Two erasmus students speak
Other Italian citizens and students who have been living abroad in the past have had to choose between incurring costs and going back to their native country to vote, or otherwise help contribute to an increasing percentage of people abstaining. The government’s refusal to compromise will be the first step in the battle for a more democratic and ‘European’ Italy. Alessandra P, 21, is originally from Bari in south-eastern Italy, and studies at Trento university. As she is currently on an erasmus placement in Britain, she decided to show create one of the most followed facebook pages dedicated to the fight called ‘Italian students who won’t be able to vote in the upcoming elections’ ('Studenti italiani che non potranno votare alle prossime elezioni'). ‘So much attention is being given to the problem right now precisely because of student activism,’ she says. 'Social media sites have been essential in bringing together all of those people who want to vote, but for whom it has been made impossible to do so.'
'Erasmus students are abroad participating in a scheme which is endorsed by the Italian government, yet the same government now won’t give them the right to vote'
For Andrea M, a 24-year-old Neapolitan who is currently studying engineering and is an erasmus exchange in Paris, ‘It’s a matter of principle: the right to vote should be guaranteed for all those who have Italian citizenship, even those who aren’t living in the country because of their studies, research, or a job. After all, these are people who in a few months, will probably go back to Italy. Erasmus students are abroad participating in a scheme which is endorsed by the Italian government, yet this is the same government who now won’t give them the right to vote.'
Defeat or first step towards change?
Despite the protests and outrage caused, the Italian parliament has released a statement: ‘These difficulties cannot be overcome. Firstly there is time and practicality to take into consideration, but mainly it’s the constitutionality of it. We are being asked to single out erasmus students as a specific group of voters; this will come at the exclusion of all the others who find themselves abroad for study, but who aren’t part of the scheme’. Alessandra is defiant. ‘I don’t see the government’s refusal to compromise as a defeat for us,' she says. 'It’ll just be the first step in the battle. It means we don’t have to accept a temporary change at the last minute, but we can ask that our country takes a step further towards becoming more democratic and European.'
Words such as these - 'democracy', 'Europe' - reflect the real nature of young Italians today, though they are often criticised for their lack of interest in politics, for being mummy’s boys and girls or for ‘deserting’ their country to find work abroad. Alessandra suggests a reality which is somewhat different; there are young people who are resourceful in their use of new technologies, who want to better themselves, who don’t want to be excluded from the political life of their own country. ‘We have shown that Italy has a load of young people who want to help change things and that together can have a great impact on how things are,' she adds.
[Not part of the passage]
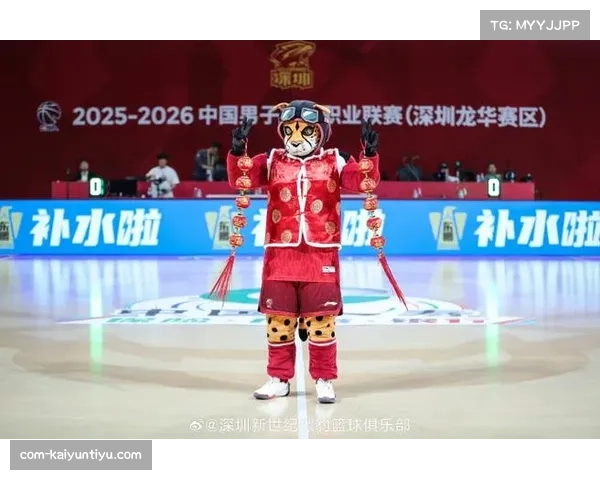 深圳马可波罗客场胜新疆 防守转换效率提升明显 深圳马可波罗客场胜新疆 防守转换效率提升明显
In Italy, politics is often something to be mocked and not to be trusted. In its elections the key ideas have been ‘severing ties with the past’ and ‘revolution’. It is a country where those who abstain ‘are the biggest party in Italy’. The government should not show their indignation by physically obstructing a citizen from expressing their opinion at the ballot box. Young people are outraged by the promises of politicians, their calls for change which don’t seem to match up with the immobilism which really characterises Italian life. The two erasmus students say they won't be able to go back to Italy to vote on 24 and 25 February, because of travel costs and their studies. These are the real ‘difficulties which cannot be overcome’.